В это время прилетает к реке Змей Горыныч; ударился о сыру землю и сделался таким молодцом да красавцем, что ни вздумать, ни взгадать, только в сказке сказать. Зовет к себе царевну: "Ты, – говорит, – меня измучила, тоской иссушила; я без тебя жить не могу!" Полюбился Змей Горыныч царевне, кричит ему: "Лети сюда через реку!" – "Не могу перелететь", – "А я что же сделаю?" – "У твоего брата есть полотенце, возьми его, принеси к реке и махни одним концом". – "Он мне не даст!" – "Ну, обмани его, скажи, будто вымыть хочешь". Приходит царевна во дворец; на ту пору и брат ее возвратился с охоты. Много всякой дичи принес и отдает сестре, чтоб завтра к обеду приготовила. Она спрашивает: "Братец! Нет ли у вас чего вымыть из черного белья?" – "Сходи, сестрица, в мою комнату, там найдешь", – сказал Иван-царевич и совсем забыл о полотенце, что Баба-Яга подарила да не велела царевне показывать. Царевна взяла полотенце; на другой день брат на охоту, она к реке, махнула одним концом полотенца – и в ту ж минуту мост явился. Змей перешел по мосту. Стали они целоваться, миловаться; потом пошли во дворец. "Как бы нам, – говорит Змей, – твоего брата извести?" – "Придумай сам, а я не ведаю", – отвечает царевна. "Вот что: притворись больною и пожелай волчьего молока; он пойдет молоко добывать – авось голову свернет!"

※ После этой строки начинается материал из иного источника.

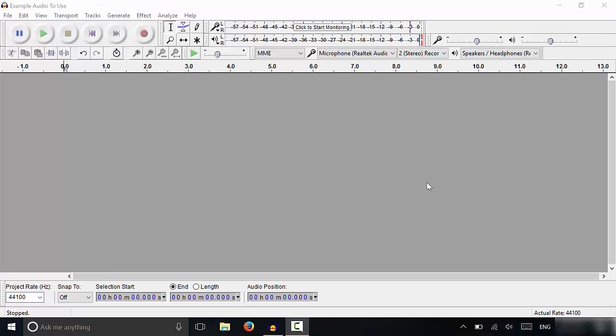Hey everybody, I'm here today to show you how to record a podcast with Audacity. It's a really simple process, so let's get right to it.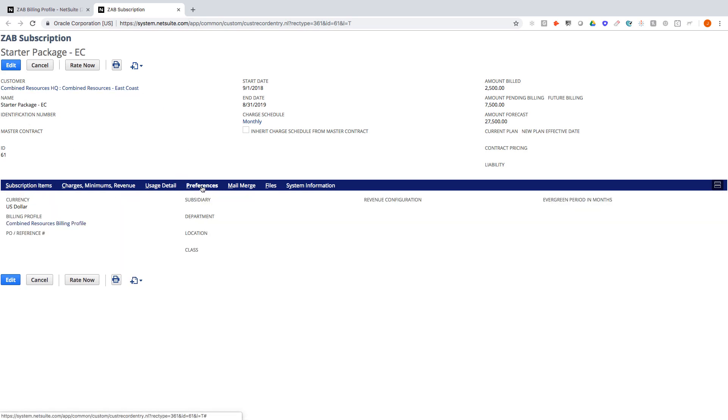Here on the preferences we can see where the billing profile was selected as a drop-down so that when we go to invoice any charges from the subscription it'll actually be mapped to the parent company.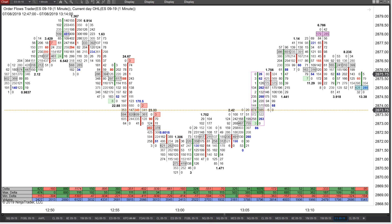Hey everyone, it's Mike from OrderFlows, and I'm making this quick video to talk about Delta in the OrderFlow. There are three basic building blocks of OrderFlow: one is Delta, the other is Point of Control, and the other is Imbalances. What I want to talk about today is recognizing things in the Delta that can help your trading.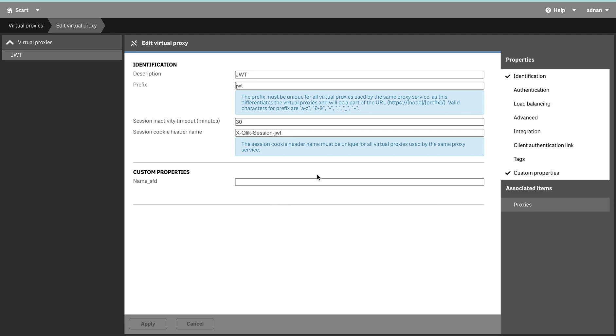I can just define it and then I can use that in security rules. Okay, so that's pretty much it for today's video. Thank you very much.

Воротился брат, сестра лежит на постели, жалуется на болезнь свою и говорит: "Братец! Во сне я видела, будто от волчьего молока поздоровею; нельзя ли где добыть? А то смерть моя приходит". Иван-царевич пошел в лес – кормит волчиха волчонков, хотел ее застрелить; она говорит ему человеческим голосом: "Иван-царевич! Не стреляй, не губи меня, не делай моих детей сиротами; лучше скажи: что тебе надобно?" – "Мне нужно твоего молока". – "Изволь, надои; еще дам в придачу волчонка; он тебе станет верой-правдою служить". Царевич надоил молока, взял волчонка, идет домой. Змей увидал, сказывает царевне: "Твой брат идет, волчонка несет, скажи ему, что тебе медвежьего молока хочется". Сказал и оборотился веником. Царевич вошел в комнату; за ним следом собаки вбежали, услыхали нечистый дух и давай теребить веник – только прутья летят! "Что это такое, братец! – закричала царевна. – Уймите вашу охоту, а то завтра подмести нечем будет!" Иван-царевич унял свою охоту и отдал ей волчье молоко.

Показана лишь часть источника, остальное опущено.